Ima Robot is an American band based in Los Angeles, California, United States, that formed in the late 1990s. They have released several albums, EPs, and singles, most notably Ima Robot in 2003, Search and Destroy and Monument to the Masses in 2006, and Another Man's Treasure in 2010. The band's song, "Greenback Boogie", a B-side to Another Man's Treasure, is the main theme song of the USA Network legal drama series Suits.

History
In the 1990s, singer/rapper Alex Ebert and guitarist Tim "Timmy the Terror" Anderson worked together under various names including 13's Lucky, The Window Club, and Eiffel Tower Window Masters before deciding on the band name Ima Robot. The phrase "Ima Robot" came from an inside joke between members of the band, which Ebert has stated "was something that we thought was really, really, really, really funny, and I can't, for the life of me, remember why" In 1997, the duo recruited keyboardist/bassist Oliver "Oligee" Goldstein. The trio would perform with various frequently changing members until they recruited drummer Rich Lambert in December 2000 and bassist Justin Meldal-Johnsen in November 2001. The band recorded numerous untitled demo CDs through the late 90's and early 2000's.
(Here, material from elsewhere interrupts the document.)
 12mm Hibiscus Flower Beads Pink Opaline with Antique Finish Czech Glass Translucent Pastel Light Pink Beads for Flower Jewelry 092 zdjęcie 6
Signing with Virgin Records
In mid/late 2002, Ima Robot was signed to Virgin Records. As Ebert described, the first thing Virgin Chairman/CEO said about the band: "The first thing Matt Serletic said was that seeing us was like seeing the Ramones for the first time, and that he felt this kind of energy that we needed to capture and not try to gloss and glean over." Lambert was let go the day after the band was signed and was replaced by studio drummer Joey Waronker.

===Ima Robot'''===
On September 16, 2003, Ima Robot released their first full-length album, the self-titled Ima Robot. The album featured the singles "Dynomite" and "Song #1" (released in the UK only).
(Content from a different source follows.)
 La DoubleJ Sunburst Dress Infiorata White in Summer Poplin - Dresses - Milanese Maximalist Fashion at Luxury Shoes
In 2004, Waronker and "Oligee" left the band. Meldal-Johnsen followed in 2005, with former Oleander drummer Scott Devours. Tim Anderson's cousin, whom he had never met before Devours, auditioned and took over the drums. Filip Nikolić took over the bass and Andy Marlow started playing the keyboards. In the process of writing their second album, the band recorded the EP "Search and Destroy", which they released and distributed independently at shows starting on April 5, 2006.

Monument to the Masses
On September 12, 2006, they released their second album Monument to the Masses, which featured the singles "Creeps Me Out" and "Lovers in Captivity".
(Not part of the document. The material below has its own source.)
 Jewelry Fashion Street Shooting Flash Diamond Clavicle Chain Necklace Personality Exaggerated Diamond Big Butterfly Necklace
Departure from Virgin Records and post-departure
In April 2007, the band won their independence from Virgin Records and continued to work unsigned under the management of Alexis Rivera of Echo Park Records. The song "Gangster" premiered on the band's MySpace on April 15, 2008, with its lyrics posted in a blog entry by the band. In 2010 the band announced the upcoming release of their new album, Another Man's Treasure, and released the song "Ruthless" on the Internet.

Ebert remained frustrated with Virgin, saying in a 2016 interview with Transverso Media that, "pretty unironically I ended up feeling like a robot by the end of the process because of the major label thing." During that period, they were being represented by the Werewolf Heart label.

In June 2008, Lars Vognstrup joined the group, having previously played with Nikolić in the band Junior Senior. In 2009, Orpheo McCord (of Edward Sharpe and the Magnetic Zeros and of Fool's Gold), Jason "ComputerJay" Taylor, and Jonas Petri Megyessi joined the band.

On January 6, 2011, the band played six songs live on KCRW's Morning Becomes Eclectic. This was the first time since Monument to the Masses tours that the new band lineup had played live. Ima Robot's B-side "Greenback Boogie" from the album Another Man's Treasure has been featured as the theme song of the USA Network legal drama, Suits, since 2011.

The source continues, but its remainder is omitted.